Anyone who works within academic philosophy is familiar with the (claimed) distinction between analytic or Anglo-American philosophy and its so-called continental or European counterpart. On the standard view, a divergence has been under way since at least since the late nineteenth or early twentieth century, emphasized by differing interests, specializations and attitudes to the common philosophical heritage. Indeed, many would agree with Michael Dummett's assessment that “we have reached a point at which it's as if we're working in different subjects” (1993: 193).
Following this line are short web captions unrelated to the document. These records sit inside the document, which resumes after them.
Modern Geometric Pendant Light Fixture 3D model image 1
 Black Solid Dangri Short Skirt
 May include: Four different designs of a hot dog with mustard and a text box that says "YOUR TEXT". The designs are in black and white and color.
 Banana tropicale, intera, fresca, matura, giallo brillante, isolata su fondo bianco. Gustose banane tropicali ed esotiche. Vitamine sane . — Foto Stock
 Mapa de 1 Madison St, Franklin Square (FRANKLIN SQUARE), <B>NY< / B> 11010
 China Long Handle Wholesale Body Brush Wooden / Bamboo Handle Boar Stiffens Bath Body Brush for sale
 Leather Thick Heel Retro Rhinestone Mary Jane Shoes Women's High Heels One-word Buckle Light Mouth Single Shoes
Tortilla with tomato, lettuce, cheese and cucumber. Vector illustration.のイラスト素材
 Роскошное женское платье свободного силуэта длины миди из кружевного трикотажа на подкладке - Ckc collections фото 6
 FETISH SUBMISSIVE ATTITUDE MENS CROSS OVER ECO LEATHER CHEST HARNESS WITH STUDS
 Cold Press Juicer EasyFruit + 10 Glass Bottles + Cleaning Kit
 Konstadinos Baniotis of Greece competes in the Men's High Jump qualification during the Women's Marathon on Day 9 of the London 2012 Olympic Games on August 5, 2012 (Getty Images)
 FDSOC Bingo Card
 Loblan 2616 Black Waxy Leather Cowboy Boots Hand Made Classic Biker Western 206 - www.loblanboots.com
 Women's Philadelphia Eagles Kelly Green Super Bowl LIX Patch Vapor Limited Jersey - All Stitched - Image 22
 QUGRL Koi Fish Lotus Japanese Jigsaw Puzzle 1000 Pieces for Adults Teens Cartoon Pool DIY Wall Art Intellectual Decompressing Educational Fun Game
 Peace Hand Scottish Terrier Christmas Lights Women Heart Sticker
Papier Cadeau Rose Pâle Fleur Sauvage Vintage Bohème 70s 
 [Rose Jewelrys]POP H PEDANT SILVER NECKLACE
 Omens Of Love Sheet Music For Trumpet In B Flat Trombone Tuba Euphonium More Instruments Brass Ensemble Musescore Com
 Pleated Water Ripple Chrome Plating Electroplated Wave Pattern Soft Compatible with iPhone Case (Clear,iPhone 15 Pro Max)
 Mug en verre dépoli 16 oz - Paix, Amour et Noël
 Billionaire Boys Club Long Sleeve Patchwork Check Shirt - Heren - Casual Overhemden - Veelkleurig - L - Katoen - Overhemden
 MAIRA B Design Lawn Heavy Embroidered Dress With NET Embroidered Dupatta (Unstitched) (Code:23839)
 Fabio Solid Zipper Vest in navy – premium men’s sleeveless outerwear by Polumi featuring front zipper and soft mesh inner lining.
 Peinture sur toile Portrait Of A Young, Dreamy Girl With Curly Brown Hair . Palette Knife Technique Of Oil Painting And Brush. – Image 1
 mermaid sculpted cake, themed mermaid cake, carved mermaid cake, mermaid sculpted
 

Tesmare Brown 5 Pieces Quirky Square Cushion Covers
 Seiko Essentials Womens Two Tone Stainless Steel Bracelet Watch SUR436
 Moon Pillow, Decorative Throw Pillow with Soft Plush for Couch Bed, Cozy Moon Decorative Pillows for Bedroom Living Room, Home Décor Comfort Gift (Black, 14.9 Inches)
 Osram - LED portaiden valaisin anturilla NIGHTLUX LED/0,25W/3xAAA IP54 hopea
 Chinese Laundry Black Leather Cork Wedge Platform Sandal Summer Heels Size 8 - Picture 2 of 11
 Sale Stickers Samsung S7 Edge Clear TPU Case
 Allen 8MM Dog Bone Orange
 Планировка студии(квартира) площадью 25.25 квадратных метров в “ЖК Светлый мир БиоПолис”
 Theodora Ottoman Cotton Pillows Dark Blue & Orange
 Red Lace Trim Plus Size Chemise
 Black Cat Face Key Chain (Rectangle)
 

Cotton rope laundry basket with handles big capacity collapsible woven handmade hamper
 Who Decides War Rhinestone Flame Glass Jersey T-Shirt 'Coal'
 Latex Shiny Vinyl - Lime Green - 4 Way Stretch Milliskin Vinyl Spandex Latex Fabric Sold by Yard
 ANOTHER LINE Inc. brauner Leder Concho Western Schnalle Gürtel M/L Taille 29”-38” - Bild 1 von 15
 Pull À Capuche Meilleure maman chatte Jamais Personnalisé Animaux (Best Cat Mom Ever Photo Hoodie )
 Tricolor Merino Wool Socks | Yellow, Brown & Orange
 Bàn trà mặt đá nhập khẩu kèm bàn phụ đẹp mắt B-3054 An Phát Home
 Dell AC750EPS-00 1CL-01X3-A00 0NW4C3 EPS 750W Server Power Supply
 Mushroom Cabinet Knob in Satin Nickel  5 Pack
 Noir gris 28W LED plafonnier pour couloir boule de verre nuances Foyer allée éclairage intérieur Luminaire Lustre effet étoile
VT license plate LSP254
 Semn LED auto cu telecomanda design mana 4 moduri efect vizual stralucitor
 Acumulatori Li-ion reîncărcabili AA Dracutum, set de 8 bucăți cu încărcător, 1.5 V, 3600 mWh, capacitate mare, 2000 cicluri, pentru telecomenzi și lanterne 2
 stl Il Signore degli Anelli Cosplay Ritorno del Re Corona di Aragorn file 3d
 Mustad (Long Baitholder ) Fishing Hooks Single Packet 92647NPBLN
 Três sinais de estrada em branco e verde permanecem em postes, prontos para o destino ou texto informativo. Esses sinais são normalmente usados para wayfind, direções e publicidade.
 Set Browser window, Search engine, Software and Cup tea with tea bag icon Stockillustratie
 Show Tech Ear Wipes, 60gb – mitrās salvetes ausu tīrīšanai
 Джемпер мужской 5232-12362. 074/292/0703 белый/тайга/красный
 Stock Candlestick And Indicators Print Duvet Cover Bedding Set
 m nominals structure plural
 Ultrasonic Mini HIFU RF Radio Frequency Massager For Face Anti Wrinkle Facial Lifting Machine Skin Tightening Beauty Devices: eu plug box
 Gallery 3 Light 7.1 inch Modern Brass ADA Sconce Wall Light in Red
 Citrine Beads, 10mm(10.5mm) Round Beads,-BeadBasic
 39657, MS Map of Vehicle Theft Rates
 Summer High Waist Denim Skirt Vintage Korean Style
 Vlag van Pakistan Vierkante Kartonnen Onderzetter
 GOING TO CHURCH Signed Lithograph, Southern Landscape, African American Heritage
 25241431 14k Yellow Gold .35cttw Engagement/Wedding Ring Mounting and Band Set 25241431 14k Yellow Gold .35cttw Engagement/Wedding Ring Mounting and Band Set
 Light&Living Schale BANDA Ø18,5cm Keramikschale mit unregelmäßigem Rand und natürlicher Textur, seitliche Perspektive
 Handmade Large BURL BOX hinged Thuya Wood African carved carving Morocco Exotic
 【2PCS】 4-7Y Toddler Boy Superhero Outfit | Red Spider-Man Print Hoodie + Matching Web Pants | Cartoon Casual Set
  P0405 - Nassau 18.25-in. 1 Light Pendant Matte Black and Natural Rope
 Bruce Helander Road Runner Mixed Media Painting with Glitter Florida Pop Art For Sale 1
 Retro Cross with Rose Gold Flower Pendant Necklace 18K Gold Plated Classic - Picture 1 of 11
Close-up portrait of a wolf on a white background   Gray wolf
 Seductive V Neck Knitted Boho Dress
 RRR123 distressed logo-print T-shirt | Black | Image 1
Yet what does the distinction actually amount to? It is occasionally given a geographical tilt (analytic philosophy as a creation of the English-speaking countries; continental philosophy as a creation of France, Germany, Italy and other non-English-speaking countries) but this, at least, is a grotesque oversimplification. Some of the early influences on analytic philosophy are to be found in Austria and Germany: consider, for instance, Ernst Mach's positivism, Einstein's invocation of questions of meaning in his 1905 paper on special relativity, the philosophical logic of Bernard Bolzano's Wissenschaftslehre, the mathematical work of Kurt Weierstrass, Georg Cantor and Richard Dedekind, and Franz Brentano's conception of intentionality. Many of the heroes of early analytic philosophy were themselves Austrian or German (most notably Gottlob Frege, Ludwig Wittgenstein, Moritz Schlick and Rudolf Carnap). These connections are extremely well known, but they tend to be viewed through the filter of the subsequent migration to the anglophone world of many of the philosophers involved, and/or the first translation of their work into English.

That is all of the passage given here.